People may forget, but that rally from Nov 2008 into January 2009 that produced that big fat $NYMO read was an intermittent top before markets dropped 30% into 666 on $SPX by March. Except this time the $NYMO read has come much faster, but both $NYMO reads occurred in early January following a late year correction.

With a sample size of one it’s not a large enough statistical sample to give this correlation any solid predictive weight, but it is worth pointing out and something to be aware of. After all big corrections often see the initial strong counter rally fail and produce a retest with new lows:

There’s one other difference perhaps of note. In 2008 and 2009 Q1 served as the basis for the ultimate market low. Bailouts, QE, mark to market suspension, you name it, it was all part of the active measures.

All we’ve had so far is talk. QT is still happening. So for all the dovish talk by the Fed there hasn’t been any dovish action that we know of anyways. And why should there be? We’re not in a recession yet.

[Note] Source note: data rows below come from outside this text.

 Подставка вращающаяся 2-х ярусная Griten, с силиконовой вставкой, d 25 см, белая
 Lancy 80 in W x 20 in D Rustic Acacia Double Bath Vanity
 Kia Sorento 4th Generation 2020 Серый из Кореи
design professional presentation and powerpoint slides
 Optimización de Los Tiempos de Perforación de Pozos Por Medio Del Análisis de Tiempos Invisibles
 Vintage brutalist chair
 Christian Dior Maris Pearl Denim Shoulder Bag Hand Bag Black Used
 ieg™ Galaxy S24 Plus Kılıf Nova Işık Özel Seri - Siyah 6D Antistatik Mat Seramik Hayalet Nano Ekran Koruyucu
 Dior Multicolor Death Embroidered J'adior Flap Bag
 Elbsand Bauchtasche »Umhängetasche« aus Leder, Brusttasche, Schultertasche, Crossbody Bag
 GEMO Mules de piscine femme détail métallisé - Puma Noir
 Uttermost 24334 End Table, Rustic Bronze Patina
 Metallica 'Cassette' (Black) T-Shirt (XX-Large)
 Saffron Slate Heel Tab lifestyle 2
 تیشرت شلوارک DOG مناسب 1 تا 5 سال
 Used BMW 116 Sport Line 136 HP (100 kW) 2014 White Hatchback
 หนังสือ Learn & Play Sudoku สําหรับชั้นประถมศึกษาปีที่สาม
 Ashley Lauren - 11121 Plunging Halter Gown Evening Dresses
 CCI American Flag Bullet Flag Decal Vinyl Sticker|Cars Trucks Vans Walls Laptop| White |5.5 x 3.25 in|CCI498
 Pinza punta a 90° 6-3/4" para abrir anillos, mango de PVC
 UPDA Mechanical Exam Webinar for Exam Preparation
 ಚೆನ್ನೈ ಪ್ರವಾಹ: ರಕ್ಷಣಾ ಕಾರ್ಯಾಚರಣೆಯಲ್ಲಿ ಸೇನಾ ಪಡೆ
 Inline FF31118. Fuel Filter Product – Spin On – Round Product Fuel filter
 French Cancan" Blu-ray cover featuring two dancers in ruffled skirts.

Which makes for an intriguing question: Where is the crisis? But if there is no crisis, why did Treasury Secretary Mnuchin hold emergency calls around Christmas? Why did Fed Chair Powell cave last week and kick this technical reconnect rally into vertical overdrive?

If there is no crisis why are they acting like there is one? One wonders. We have no overt crisis reminiscent of 2008/2009, but we have several technical signals that are acting like they did back then. And perhaps that is something worth paying attention to in the days and weeks ahead.